This is shaping up to be a good meet I feel.

I'll have the laptop there so vag-com'ing is no problem for anyone who wants it.

Nick


----------



## whirlypig (Feb 20, 2003)

Nem said:


> whirlypig said:
> 
> 
> > It's a bit difficult as I work away all week however I'm going to do my best to be there on the Sunday.
> ...


Definately interested in a vag-com check after my turbo hose blew off the other day. Also interested in the auto-lock and alarm chirp if that's possible.

I could bring along some OSIR Zero key covers if anyone is interested. I've a selection of the Mark I version, not fantastically scratch resistant, but two covers for a fiver in a presentation box, what more could you want.


----------



## Nem (Feb 14, 2005)

whirlypig said:


> Definately interested in a vag-com check after my turbo hose blew off the other day. Also interested in the auto-lock and alarm chirp if that's possible.
> 
> I could bring along some OSIR Zero key covers if anyone is interested. I've a selection of the Mark I version, not fantastically scratch resistant, but two covers for a fiver in a presentation box, what more could you want.


The alarm and auto lock are a 2 min job, so thats no problem.

I could be very interested in having a look at the covers mate. Always wondered what they were like 

Nick


----------



## Gaz225 (Feb 11, 2006)

Sorry i cant make this meet  

I'm taking a mate too pick up a car


----------



## Nem (Feb 14, 2005)

Gaz225 said:


> Sorry i cant make this meet
> 
> I'm taking a mate too pick up a car


No problem mate. Hope you can get over for one in the future tho. We're looking at a joint East and West Midlands meet sometime in August so I'll post when any details are sorted out.

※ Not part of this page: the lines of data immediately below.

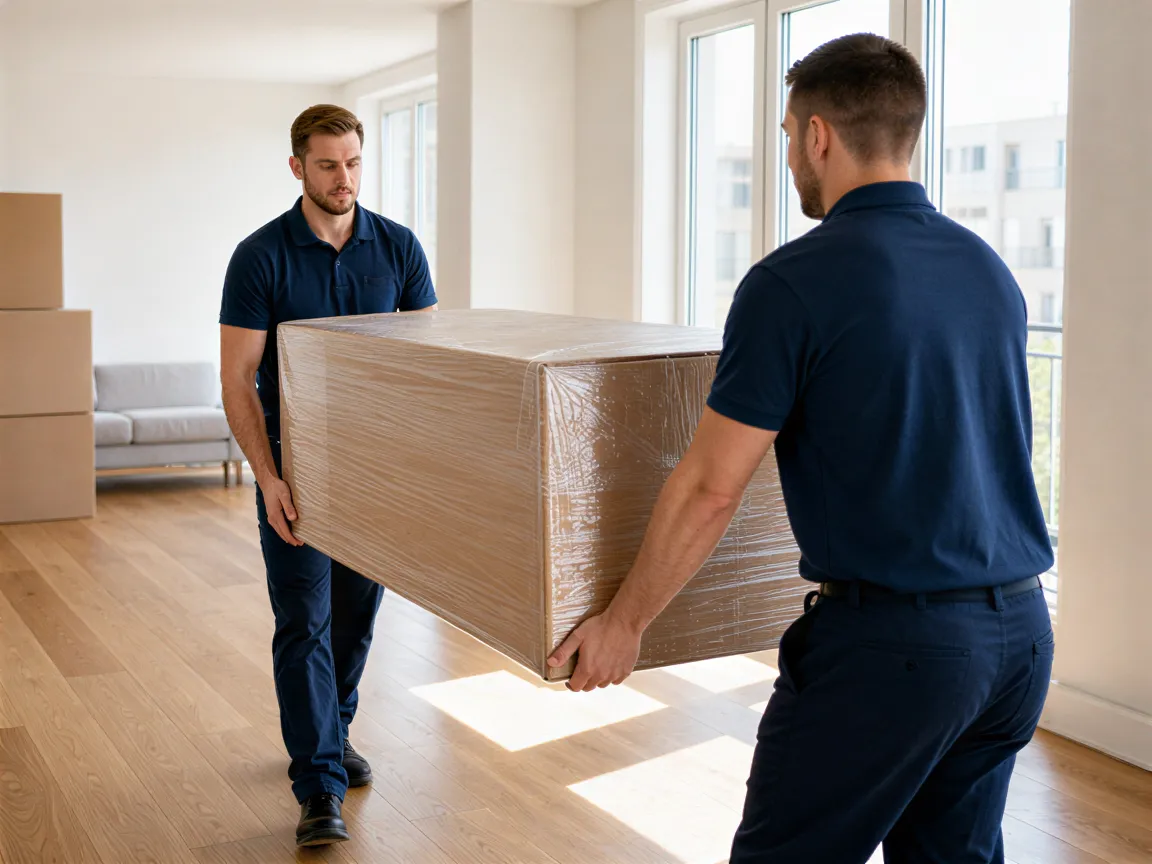 Zwei Umzugshelfer tragen eine sorgfältig verpackte Kiste durch einen sonnendurchfluteten, modernen Wohnraum.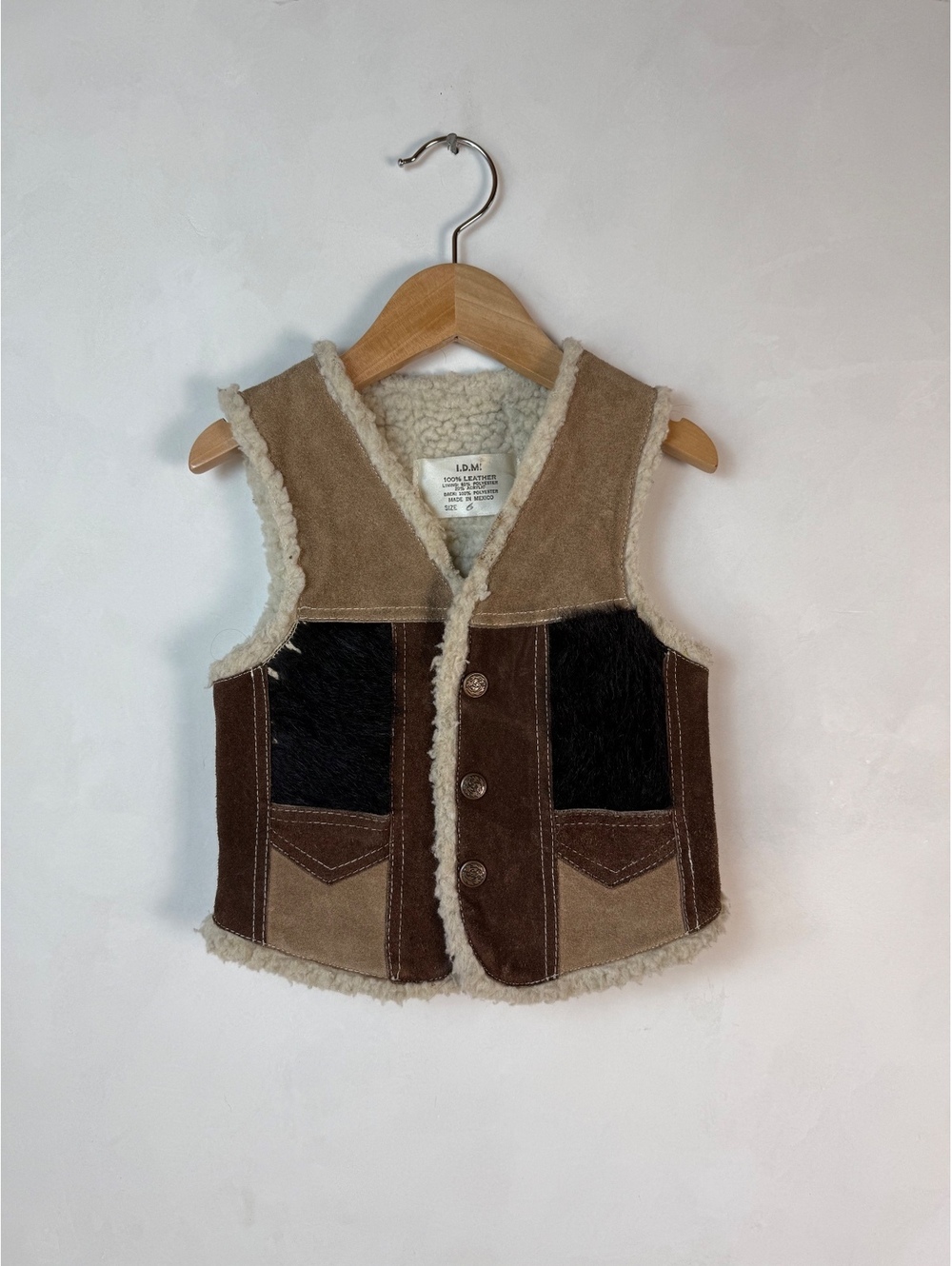 I.D.M. Kids Vintage 100% Leather Shearling Vest Size 6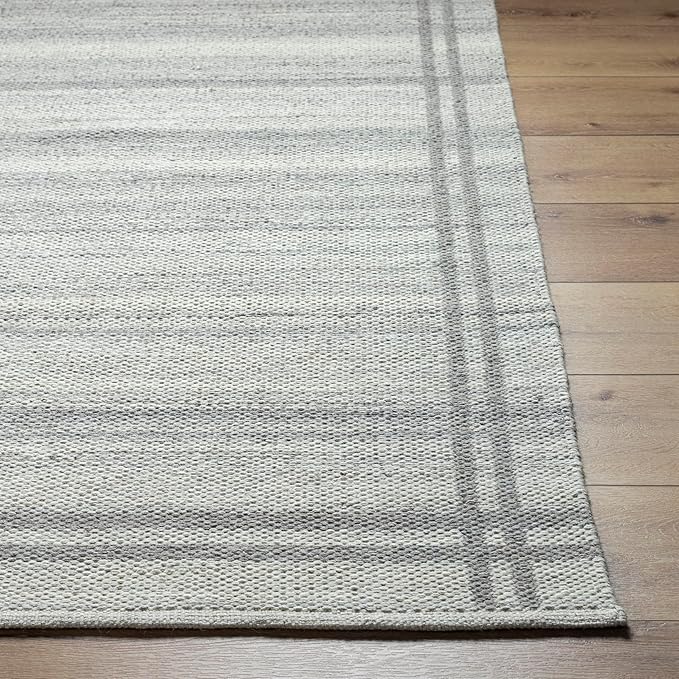 Mark&Day Wool Rugs, 8x10 Janmichael Solid and Border Gray Area Rug, Grey Ivory Carpet for Living Room, Bedroom or Kitchen (8' x 10')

And of course there is the National Meet in July 

Nick


----------



## trickytreez (Dec 15, 2004)

Nick,

really sorry mate, moved house a couple of weeks ago, and only just today got my broadband back!

Have already made plans for tomorrow, but and mrs has booked holiday which clashes with the Gaydon day :-(

Anyway, drop me a PM when you organise the next meet and I'll make sure I'm there.

Cheers

Tim


----------



## Johnny G (Jun 10, 2005)

Planning to meet you at The Snipe about 3.30pm for food and a chat.
Enjoy the cruise - with weather like this its one of those rare times when I wish I had a TTR !


----------



## TThriller (Feb 27, 2006)

trickytreez said:


> Nick,
> 
> Have already made plans for tomorrow, but and mrs has booked holiday which clashes with the Gaydon day :-(
> 
> Tim


MORE than adequate grounds for divorce mate :wink: 

TThriller


----------



## TThriller (Feb 27, 2006)

Nick

Still dont know if we can make it up for the meet today. We'll see how things pan out with Fraser.

On the optimistic side, if we can make it, what time do you think you would be a point 14 north of Matlock?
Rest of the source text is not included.